------ PROVIDED RECORDS ------

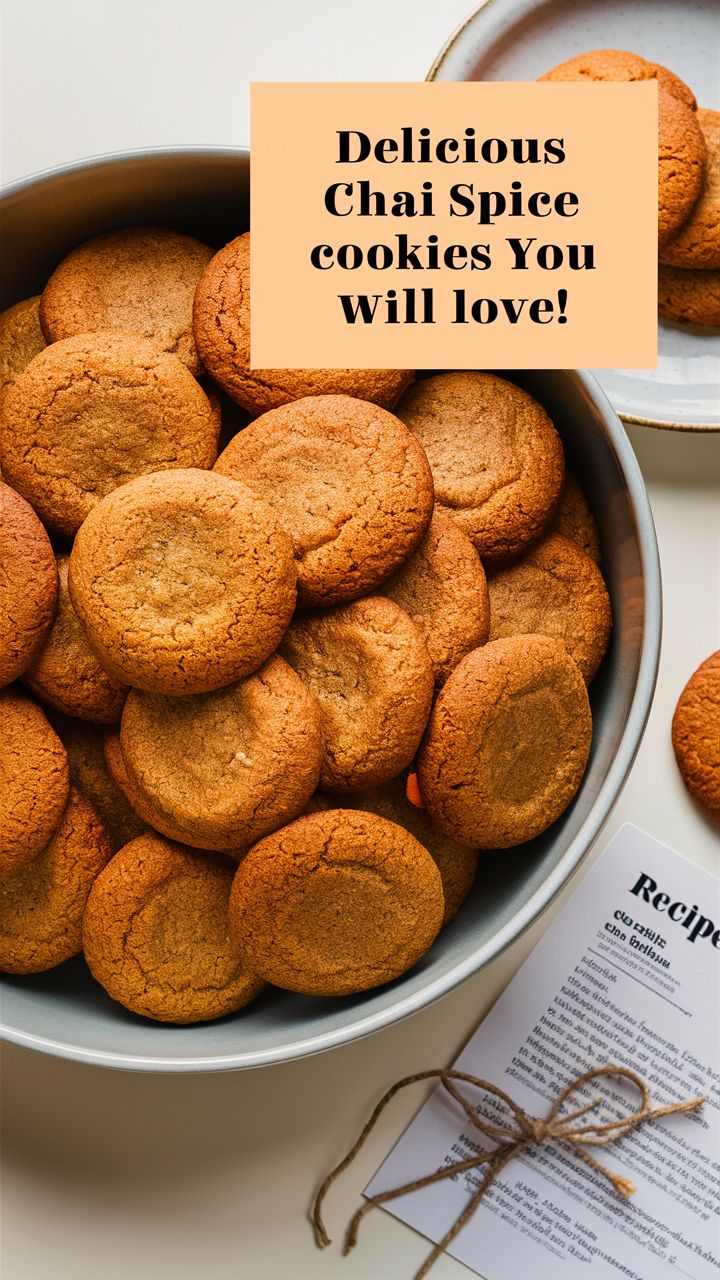 Chai Spice Cookies, Cookie Recipe, Spiced Cookie, Chai Dessert, Winter Baking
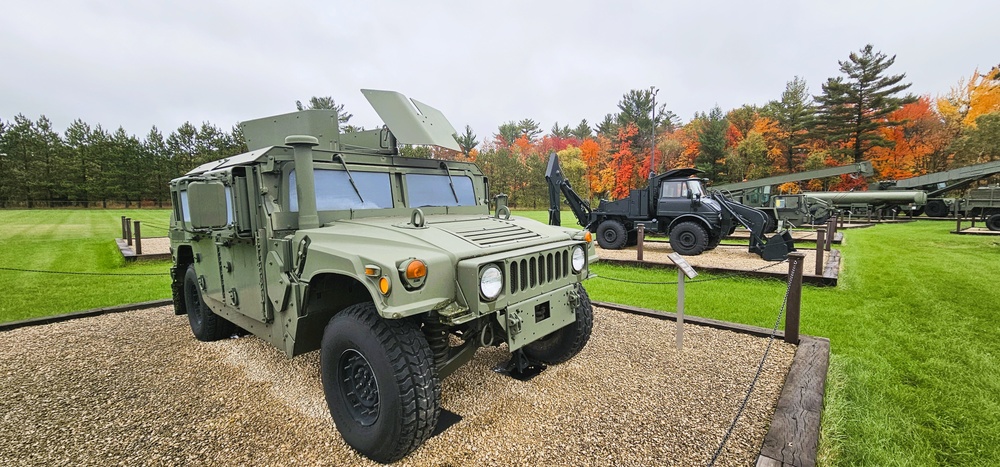 2025 Fall Colors at Fort McCoy's Equipment Park
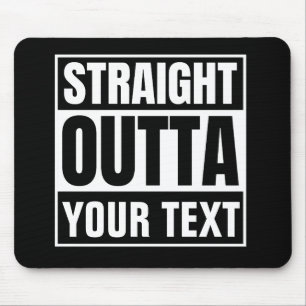 Alfombrilla De Ratón Novedad de personalización de texto Personalizado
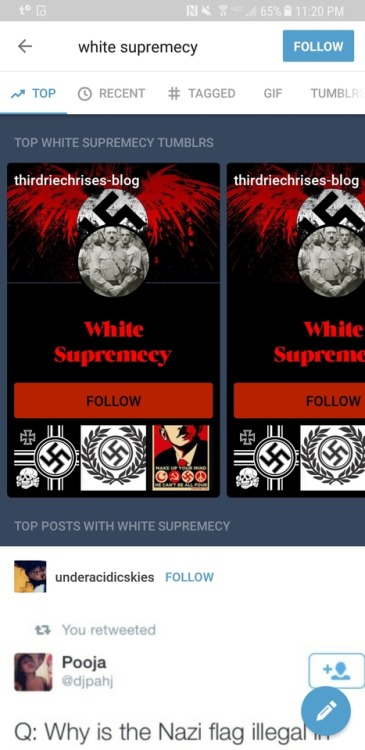 sexthing69: diesetdown:  I have to laugh  Tumblr and apple think porn is more dangerous than supremacist groups. 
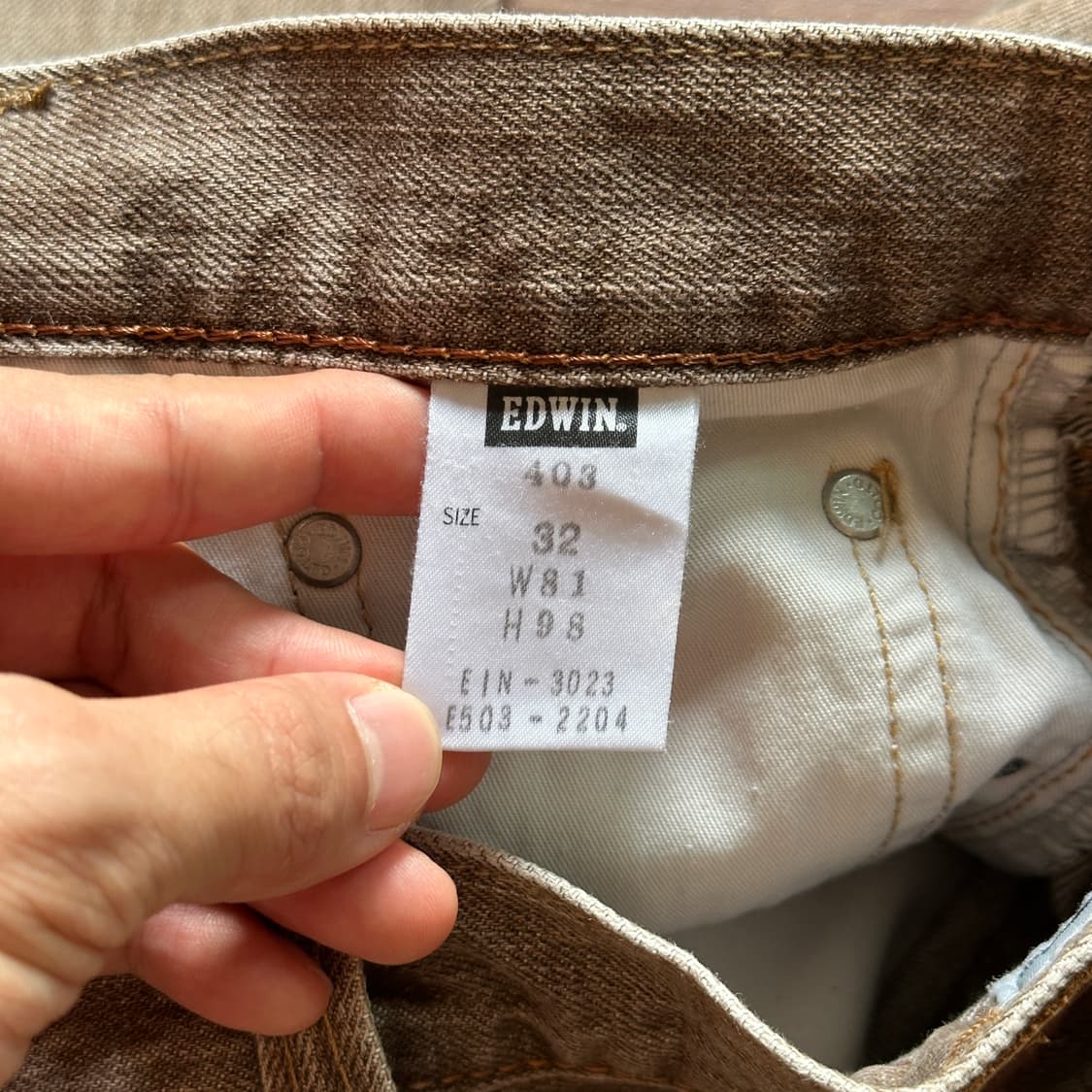 Edwin 403 denim pants 상품이미지6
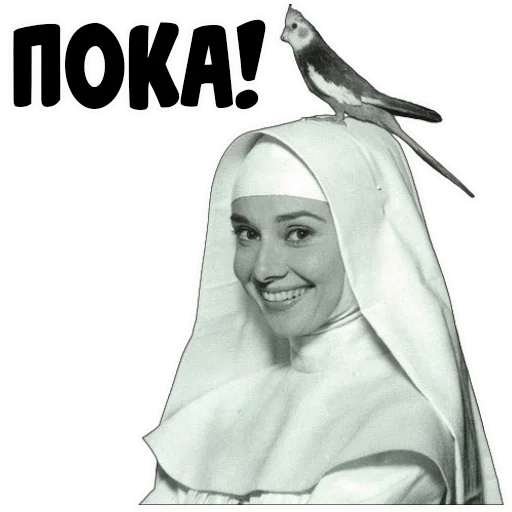 🖐 Стикер «coolnuns» для Telegram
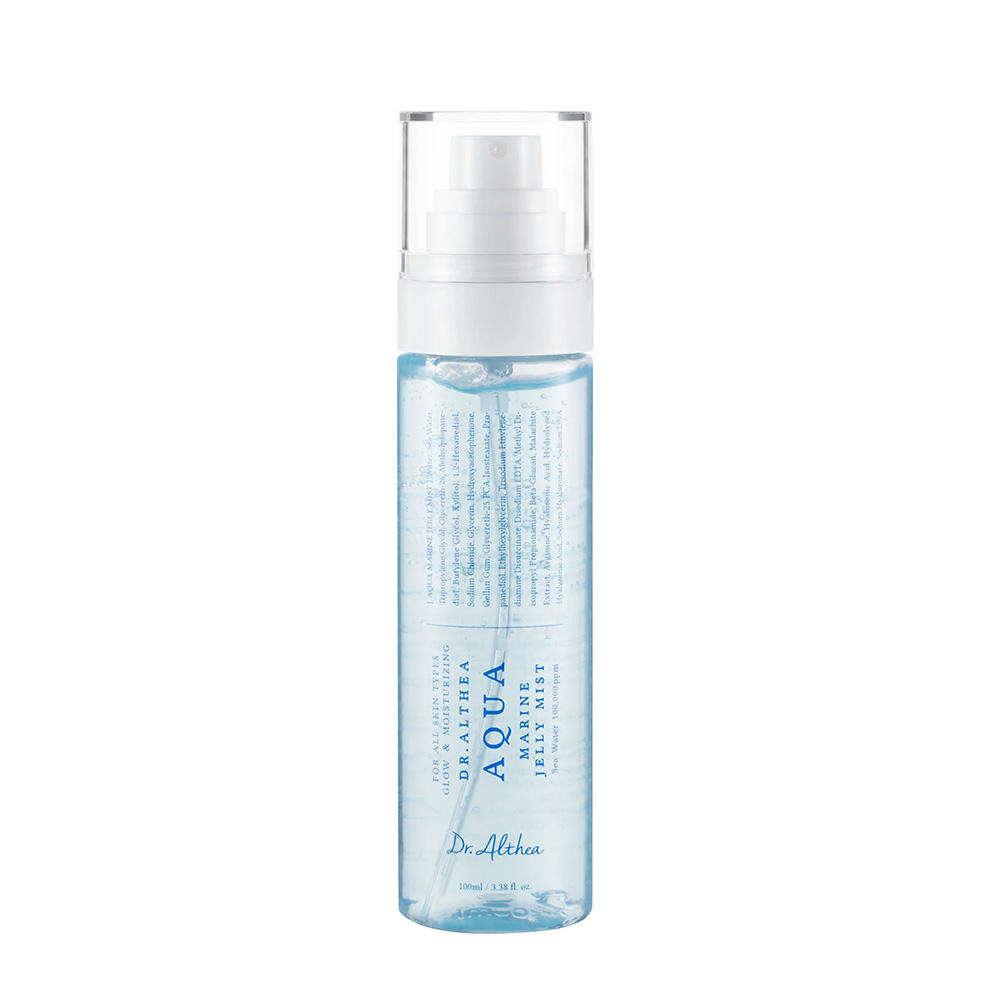 dr-althea-aqua-marine-jelly-mist میست صورت دکتر التیا مدل Aqua Marine Jelly Mist آبرسان و درخشانکننده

------

> [WHAT TO PRODUCE] Your answer should hold only the lines from the line with "than supremacist groups." through the closing line of the records, restated exactly and free of pictures.

> [WRITTEN RESPONSE]
 sexthing69: diesetdown:  I have to laugh  Tumblr and apple think porn is more dangerous than supremacist groups. 
 Edwin 403 denim pants 상품이미지6
 🖐 Стикер «coolnuns» для Telegram
 dr-althea-aqua-marine-jelly-mist میست صورت دکتر التیا مدل Aqua Marine Jelly Mist آبرسان و درخشانکننده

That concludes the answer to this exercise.